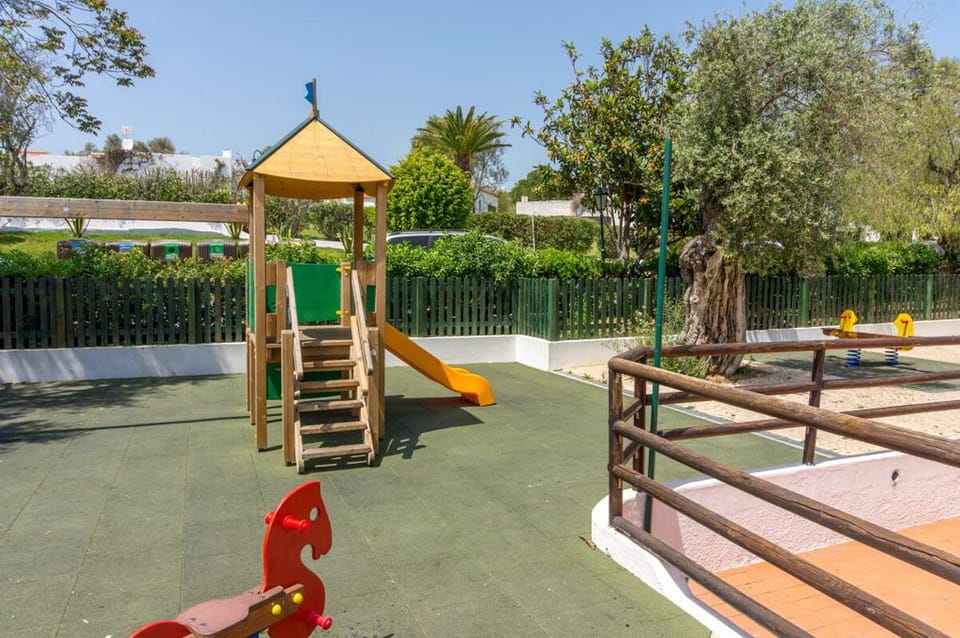 Children's Area in the Resort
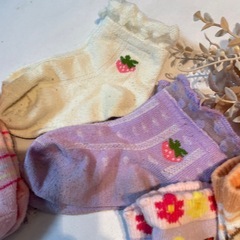 ベビー靴下まとめの画像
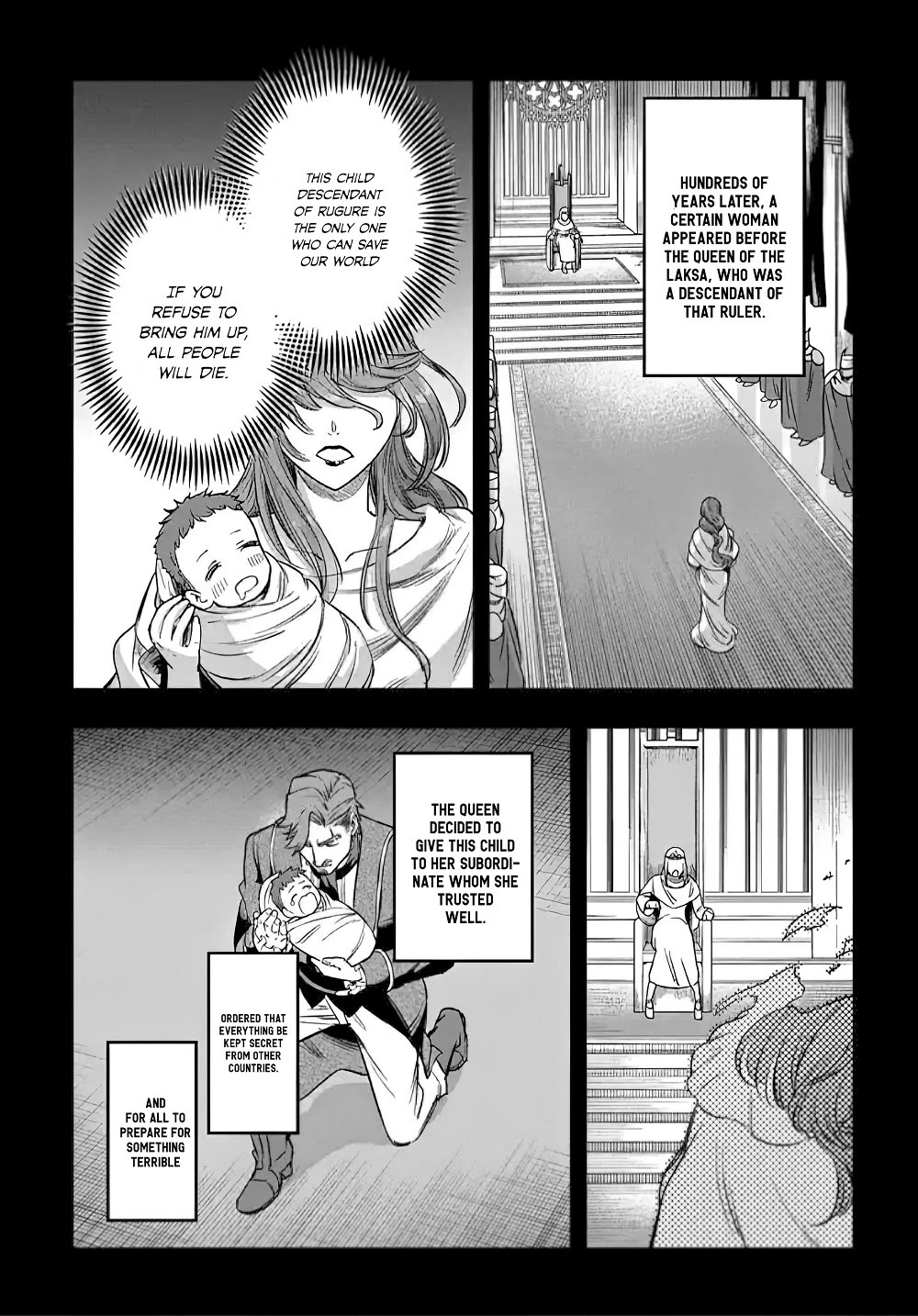 Magic Maker: How to Create Magic in Another World Chapter 19 page 9 - Chapter 19 [END]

EXERCISE:
From the first line to the last, retype the data exactly, without images.

EXERCISE SOLUTION:
 Children's Area in the Resort
 ベビー靴下まとめの画像
 Magic Maker: How to Create Magic in Another World Chapter 19 page 9 - Chapter 19 [END]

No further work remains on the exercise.